第2話 ミッション

 ファルコンが、この朱い極冠を抱く惑星に辿り着いたのは78h前のことである。

 こんな辺境宙域のマイナーミッションでは、いくら帝国の諜報管理局とはいえ、シアター(大型遊覧宙船)をあしらってくれるはずもなく、乗客も貨物もごちゃ混ぜの輸送宙便での来港だった。虫人、つまりベイグズでもあるファルコンにとっては、窮屈さなど気にもならないものであったが。
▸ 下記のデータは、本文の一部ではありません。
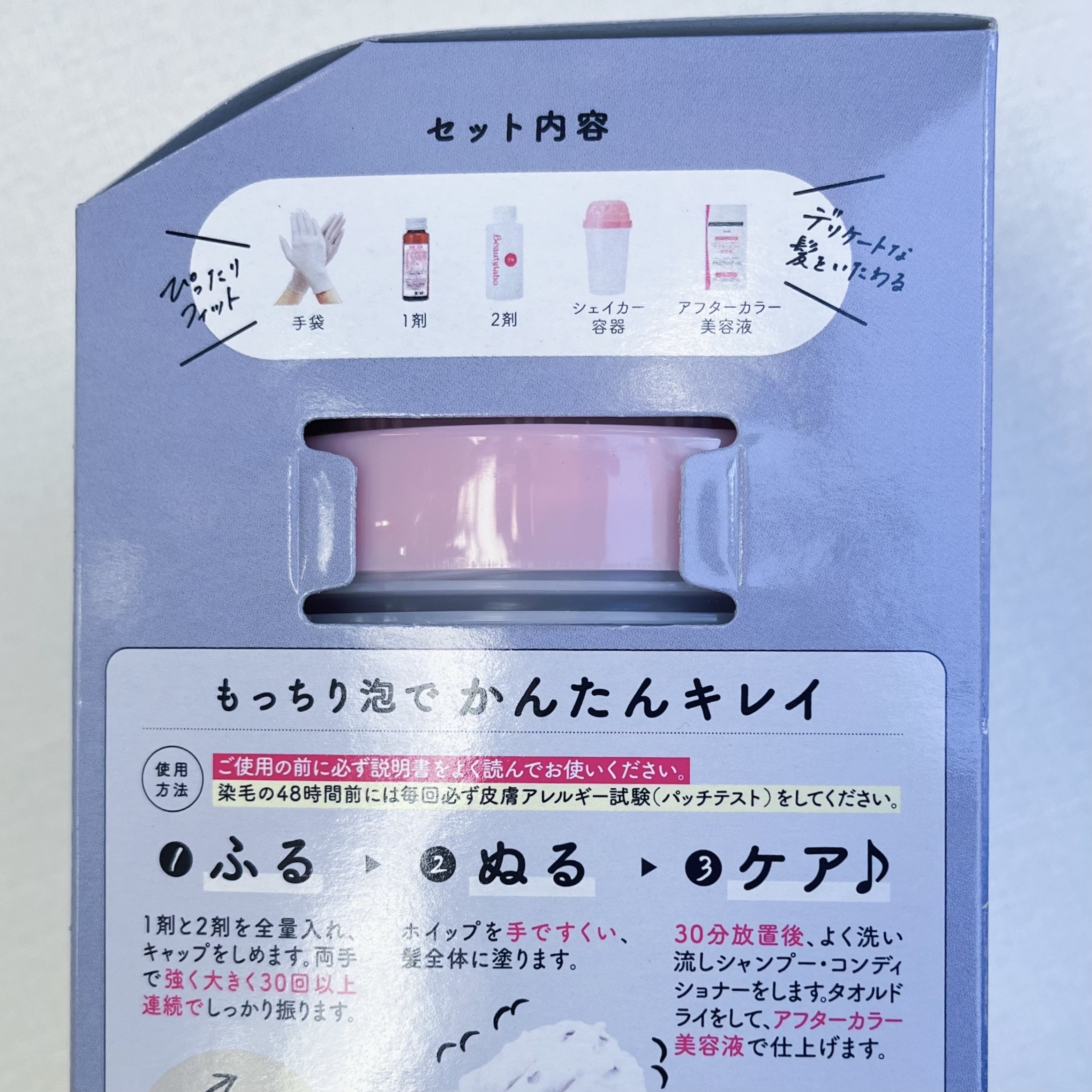 ホイップヘアカラー/ビューティラボ/ヘアカラーを使ったクチコミ（3枚目）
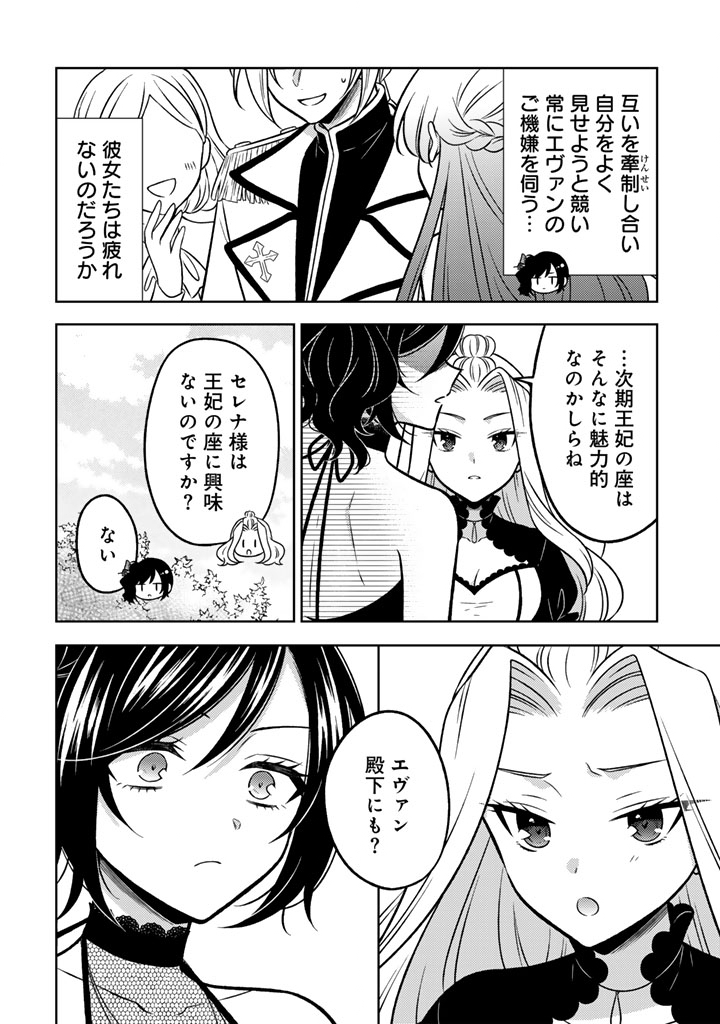 MOTO ANSATSUSHA, TENSEI SHITE KIZOKU NO REIJOU NI NARIMASHITA. - RAW Chap 34.2 - Pic 3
 宙港に降り立ったファルコンは、久しぶりに新鮮な光景を目の当たりにしていた。そこには帝国の何処に行っても蔓延っている普通人類種ノーマルヒューマンの姿などは殆んどなく、四つ足で跋扈する地元住民ばかりが目に付いたからだ。

「これなら必要もないな」

 そう呟いたファルコンはゴーグルを外し偽膜をあげ、普人との決定的な違いである複眼を顕にして久しぶりに肉眼のみで辺りを見回した。

「ついでにコイツも日に当てて行こうかな」

 そしてそのまま中脚の空間迷彩を解除して、四つ腕で大手を振って歩き始めることにした。


現地のエージェントからは、ターミナル近くの予約済みの宿泊施設に案内人からの連絡が入るとの事。しかしファルコンは、この退屈で長くなりそうなミッションのため、先ずはぶらぶらと辺りを徘徊して英気でも養う事を選ぶのであった。